Roanoke Times Copyright (c) 1995, Landmark Communications, Inc. DATE: TUESDAY, July 20, 1993 TAG: 9307200583 SECTION: EDITORIAL PAGE: A-4 EDITION: METRO SOURCE: JOHN B. CRITTENDEN DATELINE: LENGTH: Medium
Clough would have one believe that our entering engineering students have few shortcomings. Through my 19-year experience with freshman engineering students, I found that far too many have been academically undisciplined, unmotivated and undereducated. Fortunately, most of these young men and women have been capable of changing their attitudes and learning the basics not mastered in high school.
It seems that the problem becomes a bit worse each year.
That may be why the Department of Mathematics is now requiring certain engineering freshmen to complete a remedial mathematics course before initiating the normal mathematics sequence.
That may be why less than 50 percent of last year's engineering freshmen were transferred from General Engineering to their major program of study at the normal time. (Fortunately, another 40 percent is attending summer school, etc., to overcome deficiencies from their freshman year.)
Thanks to the caring efforts of the faculty in the College of Engineering, and the modified attitudes of students and their parents, most of our engineering students do, eventually, graduate with an engineering degree. But the faculty, particularly those teaching freshman-level courses, spend far too much time teaching and reviewing material that should have been mastered in high school.

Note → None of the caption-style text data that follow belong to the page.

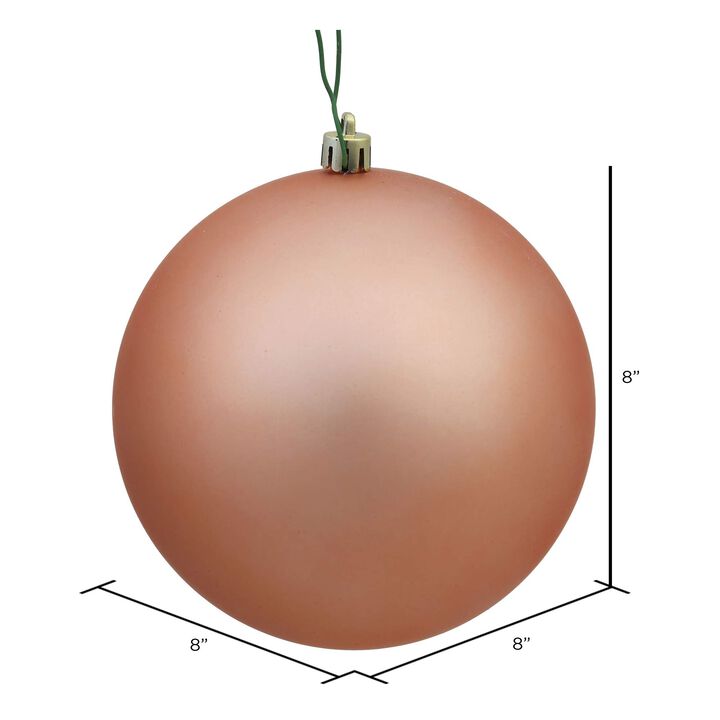 Vickerman N592058DMV Matte Ball Ornament with Shatterproof & UV Resistant, Pre-drilled Cap Secured & 6" of Green Floral Wire, 8", Rose Gold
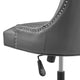 Computer Work Desk Tufted Chair, Faux Vegan Leather, Black Gray, Home Office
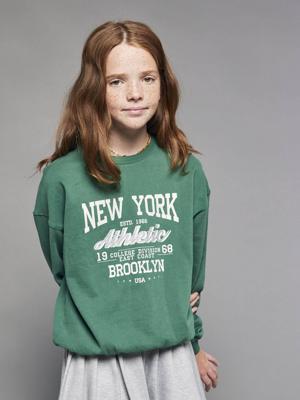 Sweater met New York-motief voor meisjes JONEN engels groen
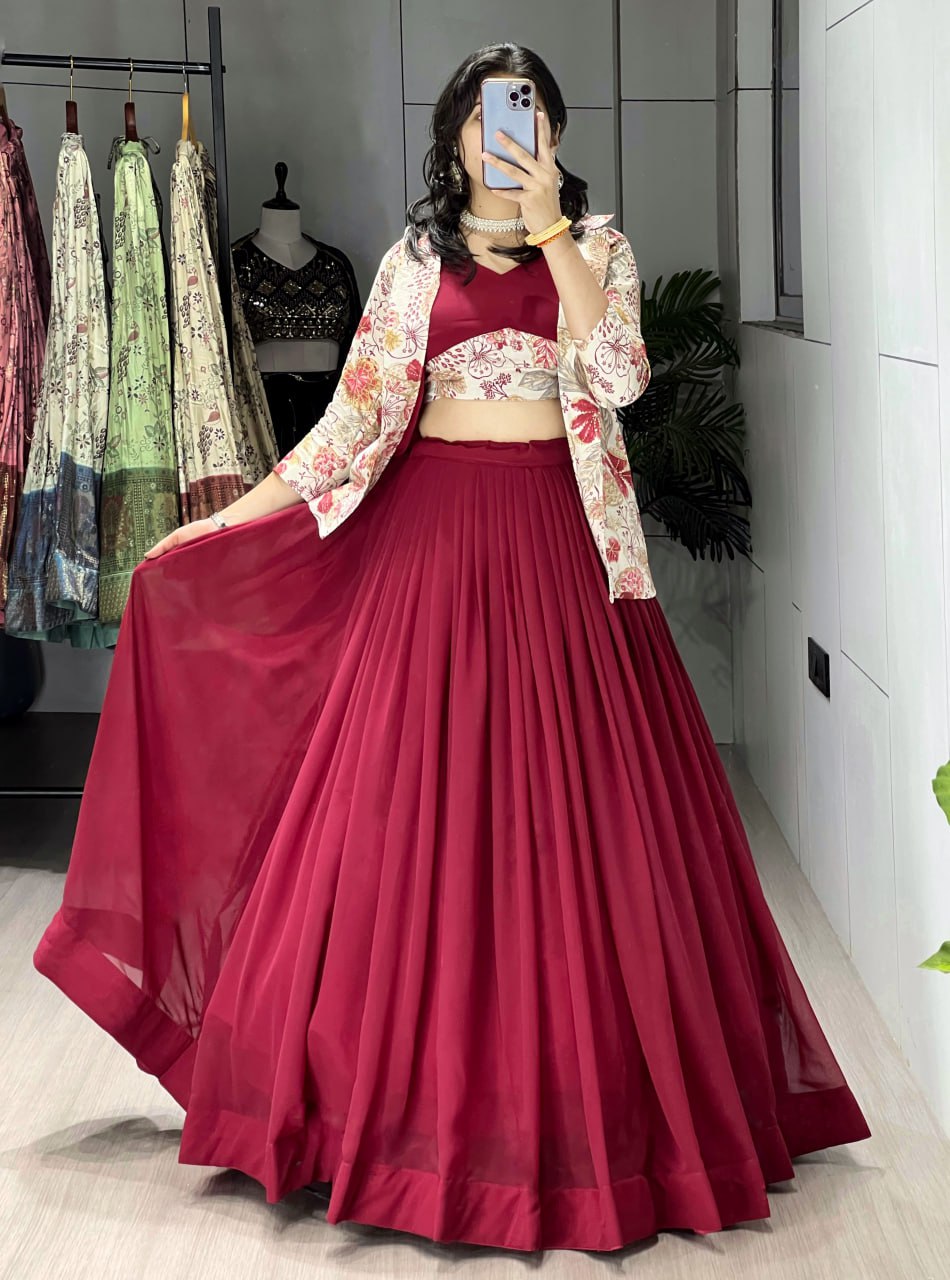 Alka maroon georgette foil printed lehenga choli with koti jacket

Perhaps Clough might have different viewpoints if he had taught even one required freshman-level engineering course during his numerous years at Tech. He has not done so, and thus does not appreciate the frustration implied by Professor LeDoux (July 3 letter, "Public schools need basic, not `outcome-based' education").
Unfortunately, he and many high-level administrators at Tech have little or no in-class contact with the typical freshman. Attitudes might be different if the university president, numerous vice presidents and the deans occasionally taught a standard (non-honors) first-year course.
John B. Crittenden is an associate professor in the Division of Engineering Fundamentals at Virginia Tech.